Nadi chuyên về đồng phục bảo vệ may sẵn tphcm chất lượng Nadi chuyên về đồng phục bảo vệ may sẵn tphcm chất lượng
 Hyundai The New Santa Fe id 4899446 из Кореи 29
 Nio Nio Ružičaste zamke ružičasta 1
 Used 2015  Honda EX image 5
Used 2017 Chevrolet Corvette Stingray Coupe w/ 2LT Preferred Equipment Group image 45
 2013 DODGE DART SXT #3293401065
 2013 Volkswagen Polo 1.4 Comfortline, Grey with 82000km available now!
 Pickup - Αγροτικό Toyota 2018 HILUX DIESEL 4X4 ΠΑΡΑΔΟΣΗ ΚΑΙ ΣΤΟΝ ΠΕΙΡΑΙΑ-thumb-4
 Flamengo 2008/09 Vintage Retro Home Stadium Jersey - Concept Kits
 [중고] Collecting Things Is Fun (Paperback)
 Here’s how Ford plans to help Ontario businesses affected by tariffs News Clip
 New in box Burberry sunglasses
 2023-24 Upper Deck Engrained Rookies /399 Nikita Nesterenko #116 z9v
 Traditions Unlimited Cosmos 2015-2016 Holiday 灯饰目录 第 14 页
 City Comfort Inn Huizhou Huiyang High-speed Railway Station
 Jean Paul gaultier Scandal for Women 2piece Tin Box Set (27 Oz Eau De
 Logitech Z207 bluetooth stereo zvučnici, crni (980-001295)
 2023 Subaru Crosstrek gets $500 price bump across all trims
○ ○ ○ ○
| Activity |
Every line of the data should be copied exactly.

| Result |
Nadi chuyên về đồng phục bảo vệ may sẵn tphcm chất lượng Nadi chuyên về đồng phục bảo vệ may sẵn tphcm chất lượng
 Hyundai The New Santa Fe id 4899446 из Кореи 29
 Nio Nio Ružičaste zamke ružičasta 1
 Used 2015  Honda EX image 5
Used 2017 Chevrolet Corvette Stingray Coupe w/ 2LT Preferred Equipment Group image 45
 2013 DODGE DART SXT #3293401065
 2013 Volkswagen Polo 1.4 Comfortline, Grey with 82000km available now!
 Pickup - Αγροτικό Toyota 2018 HILUX DIESEL 4X4 ΠΑΡΑΔΟΣΗ ΚΑΙ ΣΤΟΝ ΠΕΙΡΑΙΑ-thumb-4
 Flamengo 2008/09 Vintage Retro Home Stadium Jersey - Concept Kits
 [중고] Collecting Things Is Fun (Paperback)
 Here’s how Ford plans to help Ontario businesses affected by tariffs News Clip
 New in box Burberry sunglasses
 2023-24 Upper Deck Engrained Rookies /399 Nikita Nesterenko #116 z9v
 Traditions Unlimited Cosmos 2015-2016 Holiday 灯饰目录 第 14 页
 City Comfort Inn Huizhou Huiyang High-speed Railway Station
 Jean Paul gaultier Scandal for Women 2piece Tin Box Set (27 Oz Eau De
 Logitech Z207 bluetooth stereo zvučnici, crni (980-001295)
 2023 Subaru Crosstrek gets $500 price bump across all trims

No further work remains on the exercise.